Assignment: Set down exactly the lines below, starting at the one that contains "手動 吸引 ギフトプレゼント【送料無料】【ベビーキッズセール】" and ending at the one that contains "Production equipment", with both of those lines included and nothing else.

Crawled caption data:
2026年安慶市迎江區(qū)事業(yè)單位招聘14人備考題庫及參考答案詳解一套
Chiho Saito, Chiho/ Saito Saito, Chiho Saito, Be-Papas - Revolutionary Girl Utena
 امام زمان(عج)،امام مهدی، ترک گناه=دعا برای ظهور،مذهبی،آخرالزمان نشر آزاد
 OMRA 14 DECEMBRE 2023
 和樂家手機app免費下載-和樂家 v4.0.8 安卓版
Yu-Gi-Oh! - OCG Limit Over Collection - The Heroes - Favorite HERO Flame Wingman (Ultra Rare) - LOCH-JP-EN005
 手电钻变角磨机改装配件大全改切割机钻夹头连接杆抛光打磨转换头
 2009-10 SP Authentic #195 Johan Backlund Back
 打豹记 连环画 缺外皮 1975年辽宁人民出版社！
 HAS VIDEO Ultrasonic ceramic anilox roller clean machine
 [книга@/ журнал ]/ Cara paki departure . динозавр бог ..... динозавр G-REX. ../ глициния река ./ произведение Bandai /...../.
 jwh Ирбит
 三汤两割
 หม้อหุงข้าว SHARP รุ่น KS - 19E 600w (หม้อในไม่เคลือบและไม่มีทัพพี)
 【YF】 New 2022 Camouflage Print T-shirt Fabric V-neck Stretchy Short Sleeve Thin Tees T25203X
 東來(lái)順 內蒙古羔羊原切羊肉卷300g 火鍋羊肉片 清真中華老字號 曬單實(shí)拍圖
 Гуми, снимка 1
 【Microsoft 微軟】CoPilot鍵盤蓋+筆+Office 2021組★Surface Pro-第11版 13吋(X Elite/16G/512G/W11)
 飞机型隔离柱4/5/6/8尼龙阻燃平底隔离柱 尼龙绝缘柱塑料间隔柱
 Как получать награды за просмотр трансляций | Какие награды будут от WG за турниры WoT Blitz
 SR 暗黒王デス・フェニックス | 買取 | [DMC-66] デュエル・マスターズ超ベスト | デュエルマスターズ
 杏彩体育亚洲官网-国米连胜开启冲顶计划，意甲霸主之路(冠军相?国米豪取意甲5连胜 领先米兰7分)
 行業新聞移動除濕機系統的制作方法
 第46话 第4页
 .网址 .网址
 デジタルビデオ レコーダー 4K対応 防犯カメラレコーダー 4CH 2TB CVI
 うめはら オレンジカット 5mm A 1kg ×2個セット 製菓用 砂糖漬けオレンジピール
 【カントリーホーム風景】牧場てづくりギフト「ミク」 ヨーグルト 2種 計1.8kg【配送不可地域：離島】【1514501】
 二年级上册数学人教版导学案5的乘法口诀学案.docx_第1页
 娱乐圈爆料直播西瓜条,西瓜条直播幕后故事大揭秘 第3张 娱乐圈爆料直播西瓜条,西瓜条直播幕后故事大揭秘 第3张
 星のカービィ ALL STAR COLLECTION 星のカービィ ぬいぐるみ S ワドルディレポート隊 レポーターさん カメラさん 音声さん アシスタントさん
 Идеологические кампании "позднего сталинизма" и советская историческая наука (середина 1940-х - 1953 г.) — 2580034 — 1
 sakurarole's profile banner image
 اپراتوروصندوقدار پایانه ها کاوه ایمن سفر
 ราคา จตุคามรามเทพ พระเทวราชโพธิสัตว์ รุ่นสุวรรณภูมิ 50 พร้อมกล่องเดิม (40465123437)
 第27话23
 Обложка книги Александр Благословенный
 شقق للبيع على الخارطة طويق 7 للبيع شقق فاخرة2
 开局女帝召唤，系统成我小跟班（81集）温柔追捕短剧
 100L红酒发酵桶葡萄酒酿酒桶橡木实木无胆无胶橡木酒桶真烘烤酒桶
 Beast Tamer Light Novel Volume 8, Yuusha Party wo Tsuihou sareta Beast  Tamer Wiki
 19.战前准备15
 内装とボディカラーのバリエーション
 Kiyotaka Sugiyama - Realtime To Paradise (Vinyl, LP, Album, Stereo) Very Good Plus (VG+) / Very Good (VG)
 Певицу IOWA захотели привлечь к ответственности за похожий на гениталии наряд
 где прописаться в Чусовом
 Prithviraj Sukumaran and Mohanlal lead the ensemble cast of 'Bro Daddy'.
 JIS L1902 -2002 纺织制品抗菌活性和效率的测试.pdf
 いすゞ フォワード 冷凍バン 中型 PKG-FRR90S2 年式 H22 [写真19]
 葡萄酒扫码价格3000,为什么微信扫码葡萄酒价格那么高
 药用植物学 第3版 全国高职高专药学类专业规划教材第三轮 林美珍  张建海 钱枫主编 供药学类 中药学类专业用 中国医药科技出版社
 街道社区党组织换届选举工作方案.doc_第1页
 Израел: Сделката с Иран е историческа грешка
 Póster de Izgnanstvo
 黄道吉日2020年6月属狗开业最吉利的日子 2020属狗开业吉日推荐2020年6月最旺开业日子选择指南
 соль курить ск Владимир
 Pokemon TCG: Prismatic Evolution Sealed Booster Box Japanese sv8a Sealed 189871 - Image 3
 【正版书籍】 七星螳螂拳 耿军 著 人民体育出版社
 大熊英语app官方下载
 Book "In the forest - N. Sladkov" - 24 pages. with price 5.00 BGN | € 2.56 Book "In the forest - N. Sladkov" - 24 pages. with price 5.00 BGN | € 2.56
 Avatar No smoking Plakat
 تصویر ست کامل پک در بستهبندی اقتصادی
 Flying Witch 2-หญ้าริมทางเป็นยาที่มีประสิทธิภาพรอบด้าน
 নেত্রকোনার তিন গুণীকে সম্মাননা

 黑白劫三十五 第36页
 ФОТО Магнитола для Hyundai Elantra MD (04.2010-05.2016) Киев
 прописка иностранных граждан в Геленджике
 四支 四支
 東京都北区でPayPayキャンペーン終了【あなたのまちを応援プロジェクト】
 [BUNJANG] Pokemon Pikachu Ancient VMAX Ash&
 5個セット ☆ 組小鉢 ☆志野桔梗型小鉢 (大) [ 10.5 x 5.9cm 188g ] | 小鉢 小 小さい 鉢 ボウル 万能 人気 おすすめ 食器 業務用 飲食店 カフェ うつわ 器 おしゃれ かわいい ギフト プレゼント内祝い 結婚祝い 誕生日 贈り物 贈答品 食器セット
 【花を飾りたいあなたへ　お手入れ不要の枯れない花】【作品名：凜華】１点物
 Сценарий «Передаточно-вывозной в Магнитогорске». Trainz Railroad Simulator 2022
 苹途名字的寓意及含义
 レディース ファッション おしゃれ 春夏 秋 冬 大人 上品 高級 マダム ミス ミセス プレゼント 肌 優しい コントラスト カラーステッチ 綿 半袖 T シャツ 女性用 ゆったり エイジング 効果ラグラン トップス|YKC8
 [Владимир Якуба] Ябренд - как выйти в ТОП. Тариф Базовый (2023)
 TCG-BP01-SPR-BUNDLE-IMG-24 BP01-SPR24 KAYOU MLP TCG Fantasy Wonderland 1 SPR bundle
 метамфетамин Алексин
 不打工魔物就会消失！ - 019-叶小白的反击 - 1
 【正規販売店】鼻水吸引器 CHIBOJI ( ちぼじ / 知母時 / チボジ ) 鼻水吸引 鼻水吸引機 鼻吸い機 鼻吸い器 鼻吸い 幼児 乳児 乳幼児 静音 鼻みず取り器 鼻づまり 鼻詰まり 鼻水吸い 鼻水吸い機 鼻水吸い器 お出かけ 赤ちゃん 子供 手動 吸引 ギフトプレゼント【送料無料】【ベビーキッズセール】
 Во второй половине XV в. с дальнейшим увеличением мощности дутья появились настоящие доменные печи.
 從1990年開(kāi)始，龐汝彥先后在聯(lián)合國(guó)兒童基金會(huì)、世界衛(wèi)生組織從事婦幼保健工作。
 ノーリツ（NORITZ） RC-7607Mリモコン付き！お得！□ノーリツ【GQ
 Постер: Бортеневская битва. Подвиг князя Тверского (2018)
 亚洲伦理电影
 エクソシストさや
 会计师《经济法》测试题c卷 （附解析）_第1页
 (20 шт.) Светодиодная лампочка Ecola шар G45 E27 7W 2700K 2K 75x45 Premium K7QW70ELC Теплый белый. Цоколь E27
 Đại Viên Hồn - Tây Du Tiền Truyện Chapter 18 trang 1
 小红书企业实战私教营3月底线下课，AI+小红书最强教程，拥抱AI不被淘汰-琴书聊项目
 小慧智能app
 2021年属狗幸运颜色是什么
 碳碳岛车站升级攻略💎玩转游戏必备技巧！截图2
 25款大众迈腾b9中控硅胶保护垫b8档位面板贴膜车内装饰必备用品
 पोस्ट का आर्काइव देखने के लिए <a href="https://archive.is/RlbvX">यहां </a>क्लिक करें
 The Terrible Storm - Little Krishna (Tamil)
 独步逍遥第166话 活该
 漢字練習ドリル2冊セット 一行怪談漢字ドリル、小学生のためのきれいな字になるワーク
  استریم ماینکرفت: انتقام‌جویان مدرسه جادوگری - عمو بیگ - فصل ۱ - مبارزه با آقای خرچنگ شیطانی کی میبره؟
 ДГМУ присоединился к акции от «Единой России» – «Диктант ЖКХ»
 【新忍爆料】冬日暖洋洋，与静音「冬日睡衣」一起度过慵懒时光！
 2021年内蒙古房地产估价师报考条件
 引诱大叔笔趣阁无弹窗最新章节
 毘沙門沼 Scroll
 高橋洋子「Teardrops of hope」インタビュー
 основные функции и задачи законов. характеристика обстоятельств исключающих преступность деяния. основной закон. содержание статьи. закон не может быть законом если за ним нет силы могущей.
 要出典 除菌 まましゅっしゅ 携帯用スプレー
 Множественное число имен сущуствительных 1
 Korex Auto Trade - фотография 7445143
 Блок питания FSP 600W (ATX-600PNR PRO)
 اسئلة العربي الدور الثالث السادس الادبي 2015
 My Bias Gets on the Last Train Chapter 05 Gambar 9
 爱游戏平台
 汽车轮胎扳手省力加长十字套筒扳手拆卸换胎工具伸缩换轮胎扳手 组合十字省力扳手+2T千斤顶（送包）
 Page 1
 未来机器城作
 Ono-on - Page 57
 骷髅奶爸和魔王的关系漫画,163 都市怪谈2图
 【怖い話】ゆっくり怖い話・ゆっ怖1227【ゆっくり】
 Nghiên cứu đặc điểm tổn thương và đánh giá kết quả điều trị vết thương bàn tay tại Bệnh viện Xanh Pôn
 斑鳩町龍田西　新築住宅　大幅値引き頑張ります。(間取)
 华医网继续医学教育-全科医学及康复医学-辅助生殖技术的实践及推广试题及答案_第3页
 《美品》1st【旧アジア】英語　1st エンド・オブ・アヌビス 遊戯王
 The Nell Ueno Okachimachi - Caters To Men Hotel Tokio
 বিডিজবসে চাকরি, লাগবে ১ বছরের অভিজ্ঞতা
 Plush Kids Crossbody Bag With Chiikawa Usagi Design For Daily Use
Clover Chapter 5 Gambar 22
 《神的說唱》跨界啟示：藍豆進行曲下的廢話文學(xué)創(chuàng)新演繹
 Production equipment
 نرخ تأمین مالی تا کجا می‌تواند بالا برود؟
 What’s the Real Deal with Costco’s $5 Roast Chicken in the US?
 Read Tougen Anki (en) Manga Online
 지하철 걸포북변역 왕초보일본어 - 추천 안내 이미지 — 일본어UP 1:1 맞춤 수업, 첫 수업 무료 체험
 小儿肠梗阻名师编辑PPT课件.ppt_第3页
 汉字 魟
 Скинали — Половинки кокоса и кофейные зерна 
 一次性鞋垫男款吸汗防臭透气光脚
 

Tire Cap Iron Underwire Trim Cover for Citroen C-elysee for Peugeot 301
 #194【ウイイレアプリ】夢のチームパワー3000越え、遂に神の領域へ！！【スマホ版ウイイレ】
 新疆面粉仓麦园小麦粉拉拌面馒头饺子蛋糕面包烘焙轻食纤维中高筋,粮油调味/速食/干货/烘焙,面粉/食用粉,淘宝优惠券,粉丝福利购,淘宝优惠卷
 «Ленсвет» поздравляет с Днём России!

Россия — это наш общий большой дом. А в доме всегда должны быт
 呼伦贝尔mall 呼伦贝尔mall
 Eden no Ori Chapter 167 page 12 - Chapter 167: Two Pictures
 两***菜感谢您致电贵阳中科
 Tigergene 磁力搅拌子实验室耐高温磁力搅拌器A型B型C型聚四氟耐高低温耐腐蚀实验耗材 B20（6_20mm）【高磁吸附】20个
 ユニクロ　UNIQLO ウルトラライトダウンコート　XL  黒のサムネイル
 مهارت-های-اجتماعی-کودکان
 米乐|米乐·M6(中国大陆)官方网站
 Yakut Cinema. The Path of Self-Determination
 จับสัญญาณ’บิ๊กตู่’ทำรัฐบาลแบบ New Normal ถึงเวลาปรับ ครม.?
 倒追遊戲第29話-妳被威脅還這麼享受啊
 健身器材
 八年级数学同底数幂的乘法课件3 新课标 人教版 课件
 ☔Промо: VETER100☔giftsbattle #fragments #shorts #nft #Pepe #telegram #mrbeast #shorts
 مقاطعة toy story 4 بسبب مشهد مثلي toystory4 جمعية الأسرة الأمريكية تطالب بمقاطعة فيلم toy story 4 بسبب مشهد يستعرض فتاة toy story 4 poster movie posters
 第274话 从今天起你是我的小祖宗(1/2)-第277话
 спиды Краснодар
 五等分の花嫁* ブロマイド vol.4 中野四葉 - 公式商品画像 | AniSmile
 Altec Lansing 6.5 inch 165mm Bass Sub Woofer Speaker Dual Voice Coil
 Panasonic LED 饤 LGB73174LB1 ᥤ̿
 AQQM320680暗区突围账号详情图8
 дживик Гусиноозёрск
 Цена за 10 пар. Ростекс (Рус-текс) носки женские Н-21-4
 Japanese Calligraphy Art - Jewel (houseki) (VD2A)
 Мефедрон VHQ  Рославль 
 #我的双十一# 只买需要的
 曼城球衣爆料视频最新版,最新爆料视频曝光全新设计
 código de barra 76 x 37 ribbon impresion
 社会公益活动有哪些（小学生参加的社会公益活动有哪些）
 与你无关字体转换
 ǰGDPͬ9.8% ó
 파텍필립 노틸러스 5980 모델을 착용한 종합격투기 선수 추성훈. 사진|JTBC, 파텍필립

Solution to this problem:
 【正規販売店】鼻水吸引器 CHIBOJI ( ちぼじ / 知母時 / チボジ ) 鼻水吸引 鼻水吸引機 鼻吸い機 鼻吸い器 鼻吸い 幼児 乳児 乳幼児 静音 鼻みず取り器 鼻づまり 鼻詰まり 鼻水吸い 鼻水吸い機 鼻水吸い器 お出かけ 赤ちゃん 子供 手動 吸引 ギフトプレゼント【送料無料】【ベビーキッズセール】
 Во второй половине XV в. с дальнейшим увеличением мощности дутья появились настоящие доменные печи.
 從1990年開(kāi)始，龐汝彥先后在聯(lián)合國(guó)兒童基金會(huì)、世界衛(wèi)生組織從事婦幼保健工作。
 ノーリツ（NORITZ） RC-7607Mリモコン付き！お得！□ノーリツ【GQ
 Постер: Бортеневская битва. Подвиг князя Тверского (2018)
 亚洲伦理电影
 エクソシストさや
 会计师《经济法》测试题c卷 （附解析）_第1页
 (20 шт.) Светодиодная лампочка Ecola шар G45 E27 7W 2700K 2K 75x45 Premium K7QW70ELC Теплый белый. Цоколь E27
 Đại Viên Hồn - Tây Du Tiền Truyện Chapter 18 trang 1
 小红书企业实战私教营3月底线下课，AI+小红书最强教程，拥抱AI不被淘汰-琴书聊项目
 小慧智能app
 2021年属狗幸运颜色是什么
 碳碳岛车站升级攻略💎玩转游戏必备技巧！截图2
 25款大众迈腾b9中控硅胶保护垫b8档位面板贴膜车内装饰必备用品
 पोस्ट का आर्काइव देखने के लिए <a href="https://archive.is/RlbvX">यहां </a>क्लिक करें
 The Terrible Storm - Little Krishna (Tamil)
 独步逍遥第166话 活该
 漢字練習ドリル2冊セット 一行怪談漢字ドリル、小学生のためのきれいな字になるワーク
  استریم ماینکرفت: انتقام‌جویان مدرسه جادوگری - عمو بیگ - فصل ۱ - مبارزه با آقای خرچنگ شیطانی کی میبره؟
 ДГМУ присоединился к акции от «Единой России» – «Диктант ЖКХ»
 【新忍爆料】冬日暖洋洋，与静音「冬日睡衣」一起度过慵懒时光！
 2021年内蒙古房地产估价师报考条件
 引诱大叔笔趣阁无弹窗最新章节
 毘沙門沼 Scroll
 高橋洋子「Teardrops of hope」インタビュー
 основные функции и задачи законов. характеристика обстоятельств исключающих преступность деяния. основной закон. содержание статьи. закон не может быть законом если за ним нет силы могущей.
 要出典 除菌 まましゅっしゅ 携帯用スプレー
 Множественное число имен сущуствительных 1
 Korex Auto Trade - фотография 7445143
 Блок питания FSP 600W (ATX-600PNR PRO)
 اسئلة العربي الدور الثالث السادس الادبي 2015
 My Bias Gets on the Last Train Chapter 05 Gambar 9
 爱游戏平台
 汽车轮胎扳手省力加长十字套筒扳手拆卸换胎工具伸缩换轮胎扳手 组合十字省力扳手+2T千斤顶（送包）
 Page 1
 未来机器城作
 Ono-on - Page 57
 骷髅奶爸和魔王的关系漫画,163 都市怪谈2图
 【怖い話】ゆっくり怖い話・ゆっ怖1227【ゆっくり】
 Nghiên cứu đặc điểm tổn thương và đánh giá kết quả điều trị vết thương bàn tay tại Bệnh viện Xanh Pôn
 斑鳩町龍田西　新築住宅　大幅値引き頑張ります。(間取)
 华医网继续医学教育-全科医学及康复医学-辅助生殖技术的实践及推广试题及答案_第3页
 《美品》1st【旧アジア】英語　1st エンド・オブ・アヌビス 遊戯王
 The Nell Ueno Okachimachi - Caters To Men Hotel Tokio
 বিডিজবসে চাকরি, লাগবে ১ বছরের অভিজ্ঞতা
 Plush Kids Crossbody Bag With Chiikawa Usagi Design For Daily Use
Clover Chapter 5 Gambar 22
 《神的說唱》跨界啟示：藍豆進行曲下的廢話文學(xué)創(chuàng)新演繹
 Production equipment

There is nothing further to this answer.